The young leaders of St. Joseph’s Convent, St. Andrew has emerged as winners of the 2017/2018 RBC/RBTT Young Leaders Programme.
Over 360 students, from 10 different secondary schools across the island took part in the programme to become leaders of change in their communities.
SJC, St. Andrew was awarded for having the most original and creative project which shared insights into the theme, “I am We – Leading Change in Our Community”.
The theme sought to challenge the participating schools to identify a problem in their community and develop a project that will help solve it.
The rural school got the nod of the judges as they showed that they were more connected to the community and recognised the central roles of the schools and in leading positive change.
Taking second place and capturing the Award of Excellence was The Anglican High School, third place and the Award of Merit went to St. Andrew’s Anglican Secondary School (SAASS) and fourth was St. Mark’s Secondary School which got the Award of Honour.
The prize for the Most Outstanding Young Leader went to Jevon Andrews of SAASS.
Speaking at the prize giving ceremony held last Thursday at the Grenada Trade Centre, Country Manager of RBTT, Musa Jasat commended the students for the effort they placed into their projects.
“By participating in this programme, you have challenged yourselves and set the stage for change.
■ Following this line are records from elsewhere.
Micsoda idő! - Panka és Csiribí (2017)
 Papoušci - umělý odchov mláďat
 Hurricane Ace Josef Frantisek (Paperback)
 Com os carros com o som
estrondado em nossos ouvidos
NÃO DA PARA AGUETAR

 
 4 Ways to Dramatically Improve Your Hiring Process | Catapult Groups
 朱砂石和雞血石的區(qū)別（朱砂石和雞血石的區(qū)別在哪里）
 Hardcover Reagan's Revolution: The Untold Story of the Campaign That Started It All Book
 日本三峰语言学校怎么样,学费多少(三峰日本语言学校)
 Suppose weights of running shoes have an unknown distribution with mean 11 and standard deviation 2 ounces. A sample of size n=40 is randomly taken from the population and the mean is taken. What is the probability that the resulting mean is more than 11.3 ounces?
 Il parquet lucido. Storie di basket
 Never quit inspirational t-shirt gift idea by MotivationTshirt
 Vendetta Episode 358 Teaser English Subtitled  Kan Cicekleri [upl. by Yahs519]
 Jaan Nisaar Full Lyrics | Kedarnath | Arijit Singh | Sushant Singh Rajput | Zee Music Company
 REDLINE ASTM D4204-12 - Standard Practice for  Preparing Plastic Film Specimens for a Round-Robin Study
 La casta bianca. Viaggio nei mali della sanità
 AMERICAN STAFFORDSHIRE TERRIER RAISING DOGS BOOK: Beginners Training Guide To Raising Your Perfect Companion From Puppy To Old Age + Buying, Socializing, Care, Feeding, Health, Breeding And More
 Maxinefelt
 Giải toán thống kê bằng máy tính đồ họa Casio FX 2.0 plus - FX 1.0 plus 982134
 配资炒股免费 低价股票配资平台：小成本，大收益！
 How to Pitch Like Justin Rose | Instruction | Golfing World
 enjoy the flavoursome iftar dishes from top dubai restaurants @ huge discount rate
By collaborating with your fellow students and taking action to make our communities a better place, you have embraced your leadership role. It is humbling to see the creativity, passion and talent you have demonstrated…”, she told the students.
The female bank manager labelled the RBC/RBTT Young Leaders Programme as “an expression of our commitment to Grenada and the Caribbean as a whole”.
“That is the purpose we have defined for ourselves as an organisation, which is to help our clients strive and communities prosper”, she said.
Minister of Education, Emmalin Pierre encouraged the students to expand their initiatives and continue to lead in the change for the benefit of their future.
The minister said: “This exercise is not just about recognising a winning team but is more about preparing you for life. Knowingly or unknowingly, you are shaping your own future. You are learning that circumstances may be obstacles but they don’t determine your destiny.
“I am sure that you have concluded from this exercise that in life there are problems, there may be many challenges but individually and collectively we can find solutions, we can find a way to change…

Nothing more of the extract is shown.